Il est fréquent que pendant le bail, le locataire trouve une clause injuste et se pose la question : le propriétaire a-t-il le droit de poser ce geste? Dans la plupart des cas, la réponse se trouve dans le bail; si la clause en question lui permet de faire quelque chose, il sera souvent impossible de l’en empêcher. C’est pourquoi il ne faut pas accepter n’importe quoi au moment de signer!

Cet article présentera les principales obligations que le C.c.Q. accorde au locataire. Gardez en tête qu’un locateur peut presque tous les modifier dans un bail, et surtout en ajouter des nouvelles. Cela peut être un bon exercice de visiter plusieurs locaux et de comparer les différents baux entre eux.

1. Obtenir la jouissance de l’immeuble et payer le loyer en contrepartie

Le bail immobilier prend naissance lorsque les deux parties s’engagent à remplir leurs obligations de base, que l’on appelle aussi obligations essentielles au contrat. Pour le locateur, il s’agit de délivrer l’immeuble au locataire et de s’assurer que celui-ci puisse avoir la jouissance normale de cet immeuble et de ses accessoires[1]. En contrepartie, le locataire doit s’engager à payer un loyer au locateur[2]. Contrairement à presque tous les autres droits et obligations, ces obligations essentielles ne peuvent pas être écartées par le bail.

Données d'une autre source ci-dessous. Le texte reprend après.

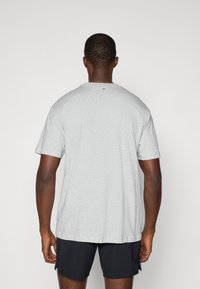 Sivá krátkareký tričko s uvoľneným strihom a okrúhlym výstrihom, s malým zeleným akcentom pri zadnom golieri.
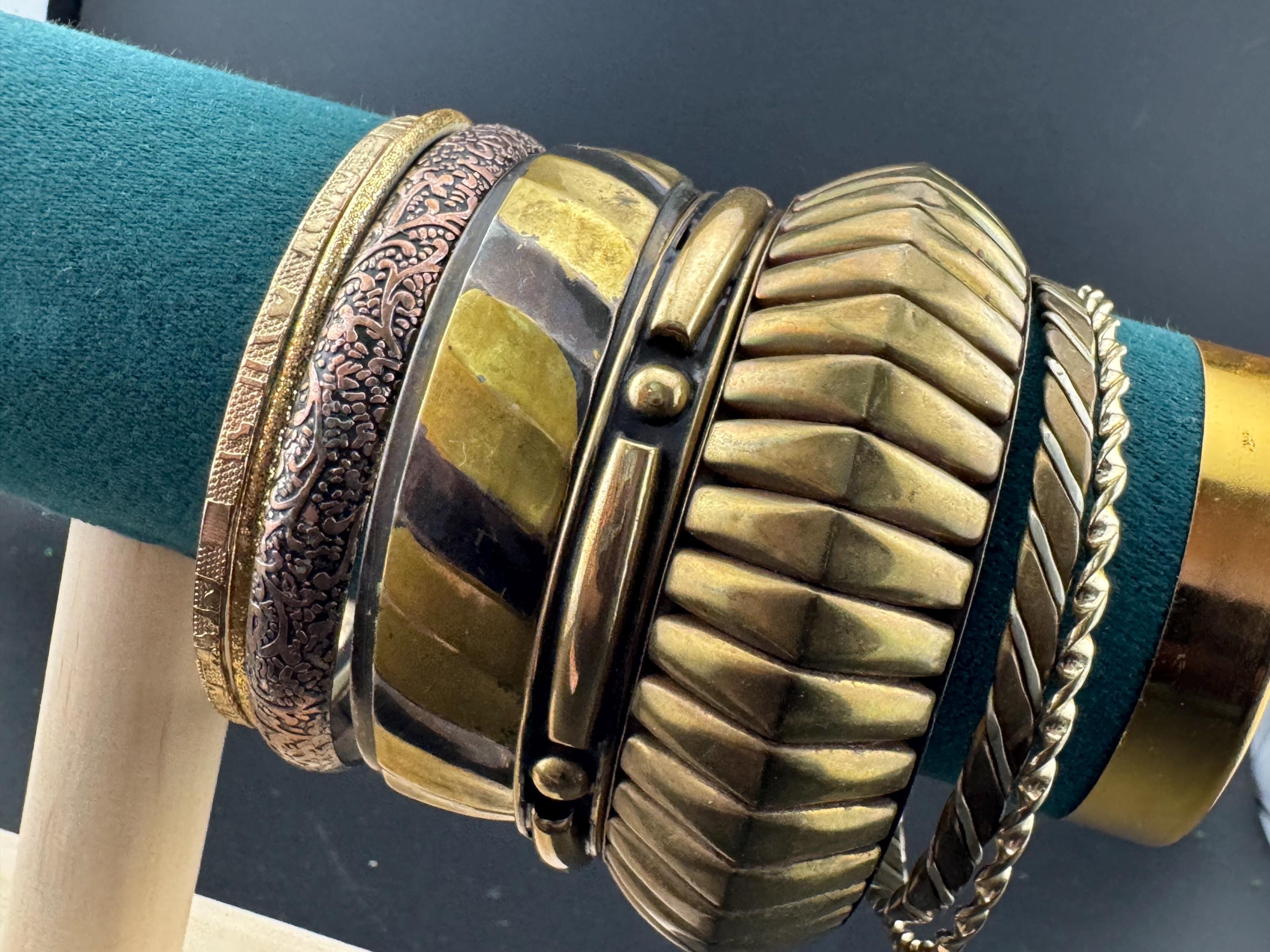 A curated set of vintage and retro gold tones stacking bangles,  boho festival bracelets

La clause qui définit le loyer payable par le locataire peut cependant poser des difficultés pouvant mener à des conflits, et il est important d’en comprendre tous les éléments avant de l’accepter. Il est fréquent de voir une clause qui contient un loyer de base auquel on ajoute des frais additionnels que le locataire doit payer. Afin d’éviter un litige ou un conflit avec le locateur, le locataire devrait s’assurer que toutes les dépenses qu’il doit assumer sont clairement définies dans le bail.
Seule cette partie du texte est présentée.